I have gigging ever since I was old enough to walk and have pretty much seen or used every setup imaginable. I have walked with the dish pan style lanterns, used the old style 1000 lumen bulbs for years and even tried the starfires you mentioned. None can even hold a candle to a good HPS setup, literally. Before I got mine I used halos and thought they were the ticket. Now I don't see how I seen the fish that I did!!! Just make sure you make the right decisions to start with to avoid any headaches!!!:banghead


----------



## mniterambler (Jul 28, 2008)

Thanks for the reply, I guess I will have to give it a try.. I just dont know how keen I will be on a generator and the noise out on the water I always loved the tranquility of floundering...


----------



## Gnwdad (Oct 14, 2007)

Agree 100% with all of Five Prongs reply


----------



## X-Shark (Oct 3, 2007)

> I just dont know how keen I will be on a generator and the noise out on the water I always loved the tranquility of floundering...




I agree with you and put off the Genny for years after being around boats that had Genny's on them.



The ticket is most power with the least noise and they aren't cheap.

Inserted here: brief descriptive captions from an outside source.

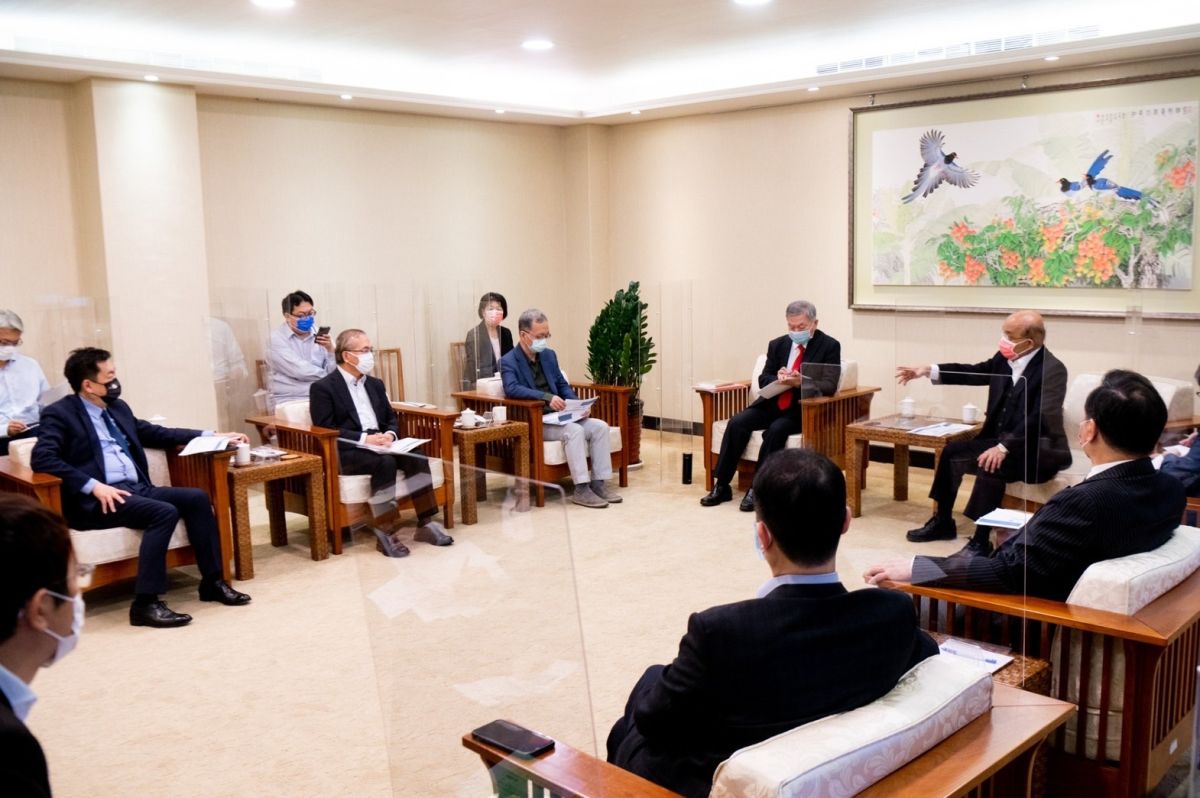 ▲行政院今(22)日召開擴大防疫會議,指揮中心指出,有關春節返鄉專案,預計可提升至3萬5500房供返國民眾預訂。(圖/行政院提供)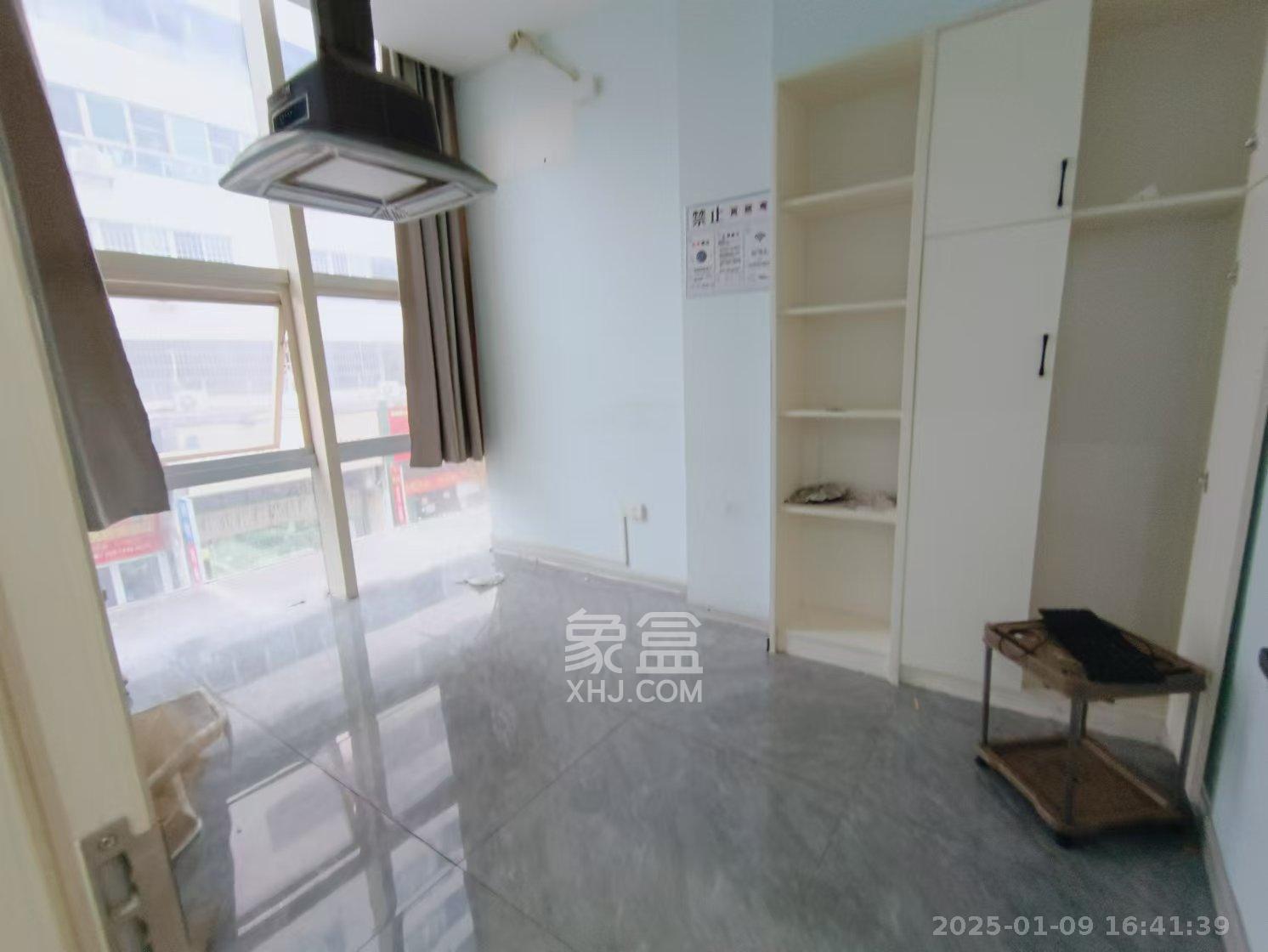 阳光100一期、四五期   152.0㎡      6000.0元/月室内图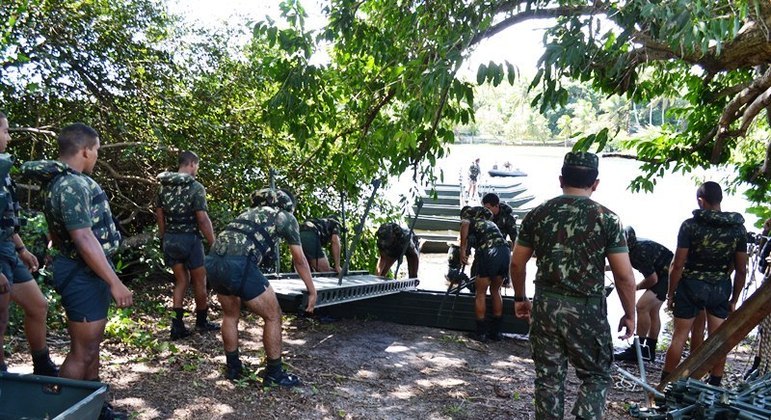 Militares montam passadeira flutuante de alumínio durante treinamento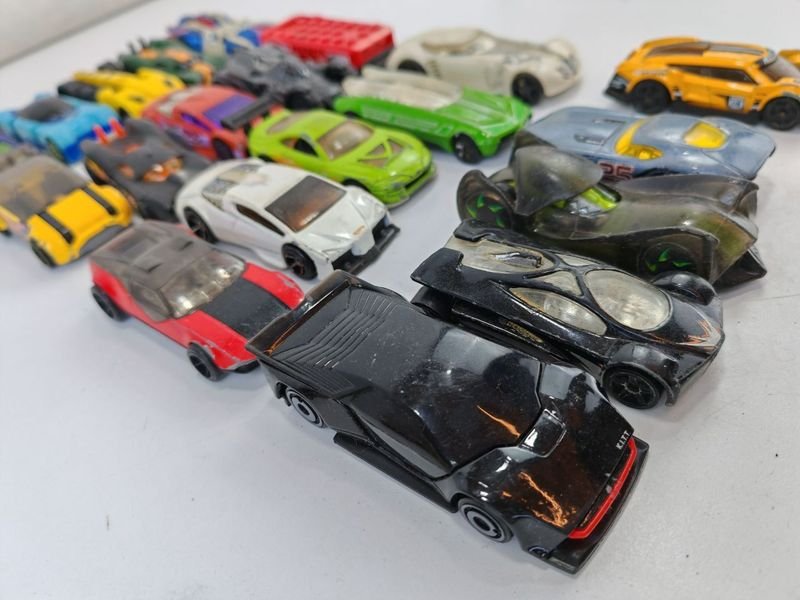 Colección de 20 Hot Wheels en diferentes colores y materiales - imagen 3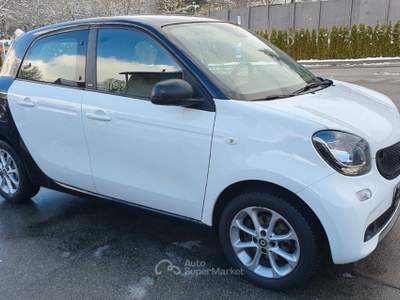 Smart ForFour Passion navi Bianco usata Aprilia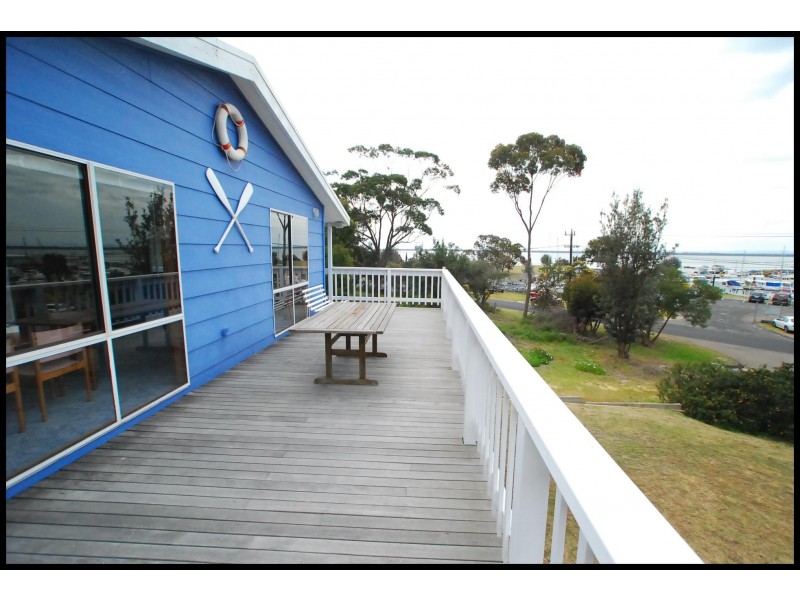 23 Holmes Street, Loch Sport VIC 3851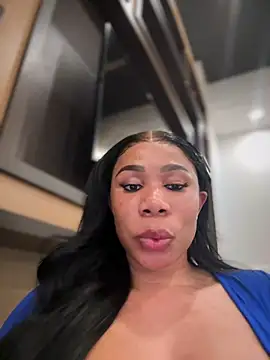 Snapshot of Belle___ chatting on December 2024 01:24:01 AM Belle    online show from December 2024 01:24:01 AM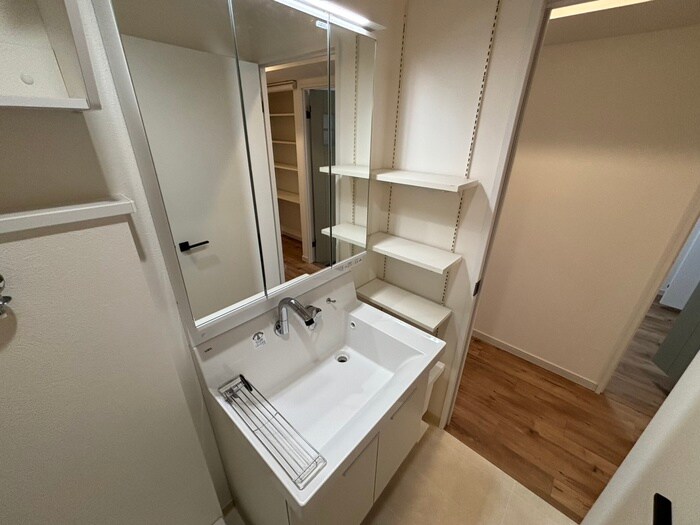 物件内観写真10　(洗面)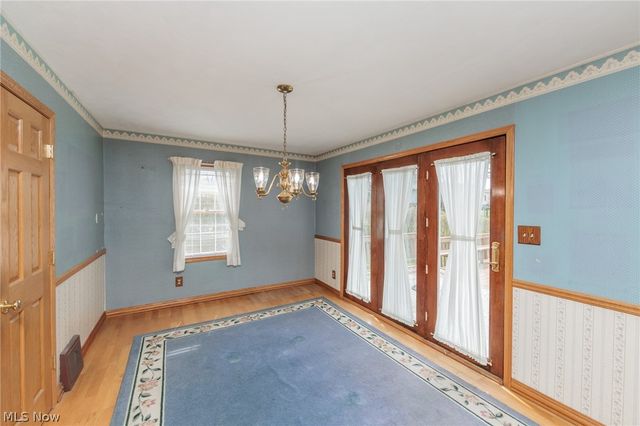 10136 Ridge Road, North Royalton, OH 44133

A 2000watt Honda is $800 to $1000.



I bought a Honda knockoff. [Kipor from Pep Boys.] It's Red



I woundn't buy one again. There is no place for warranty work and I don't believe Pep Boy's even sells them anymore. It was $600. 



The 1st one leaked oil. It was a nightmare to get warranty work done. After it was fixed it leaked worse, so I took it back to Pep Boys to swap it for a new one.



The new one is a little hard to start.



Murpheryslaw bought one after I did and his runs good.



I did the wading as a kid with a Colman lantern with my Dad.

Did the Starfires

Did the AquaStar's http://www.fishinglightsetc.com/FlounderLight.html

Then went to the Genny with 4- Halogen 300watt lights.

Now I'm going to 4- HPS 150's w/ 55uf Caps.







The Starfires were brighter than the Aquastars. This may have been due to the stainless 6in reflector bowl I have on the Starfires.














The 4- 300 watt halogens blew those away.



I'm expecting at least another 100% improvement of that.


----------



## Five Prongs Of Fury (Apr 15, 2008)

> *mniterambler (7/29/2008)*Thanks for the reply, I guess I will have to give it a try.. I just dont know how keen I will be on a generator and the noise out on the water I always loved the tranquility of floundering...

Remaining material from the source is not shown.